Philadelphia is currently the only large municipality without a comprehensive street sweeping plan. This funding bump is the first substantial increase to the city’s street cleaning efforts in decades.

Decades of budget cuts and complaints from residents over street cleaning-related parking enforcement led the city to reduce cleaning operations to only certain major streets. By 2004, the Streets Department was devoting just $400,000 to litter collection.

Despite campaign pledges from Kenney to take on the city’s litter problem, by 2018 the department was still spending just $850,000 on sweeping from the agency’s $90 million budget.

A WHYY/PlanPhilly investigation last year found that even though the Philadelphia Parking Authority was still ticketing cars parked in street cleaning lanes, the city was rarely performing even these nominal duties.

Streets Commissioner Carlton Williams said the new funding increase would allow for “vast” improvements to the current cleaning program.

“It will double the size of our current fleet. This allows us to add another 15 broom (trucks) and 40 laborers,” he said. “We’ll be able to expand the program vastly as a result of this budget increase.”

Still, the Streets Department’s internal estimates state that it would cost $3 to $5 million annually to maintain citywide cleaning, along with tens of millions more in upfront costs to augment existing street cleaning equipment.

Williams said the initial funding boost would restore cleaning to six targeted neighborhoods –– to be announced later this spring –– as part of a previously announced pilot program.

Both the mayor and Williams acknowledged that parking is still a touchy subject.

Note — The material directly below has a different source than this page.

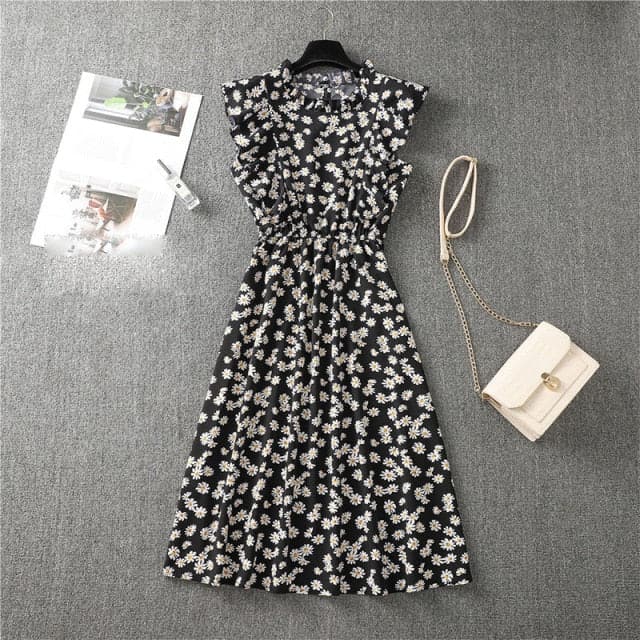 Graceful Heart Dot Sleeve Ruffles Medium Dress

Sweeper trucks require unobstructed access to parking lanes to clean trash out of the curb line, but residents gripe about weekly parking tickets that often result from these restrictions.

The commissioner said the city would only ask residents to avoid blocking parking lanes on designated sweeping days –– at least at first. In an unconventional move, the city had announced that it would seek to use street crews armed with leaf blower-like devices to push detritus from behind parked cars and into the roadway.

“We’re going to be using mechanical blowers to minimize the requirement that people use their cars,” Williams said. “But we will encourage residents to move their cars. And when they don’t, we’ll use blowers to blow the trash into the street where the trucks can be effective.”

The Mayor’s Office said the new budget includes an additional $250,000 to enhance a separate cleaning program managed by the Commerce Department along certain business corridor.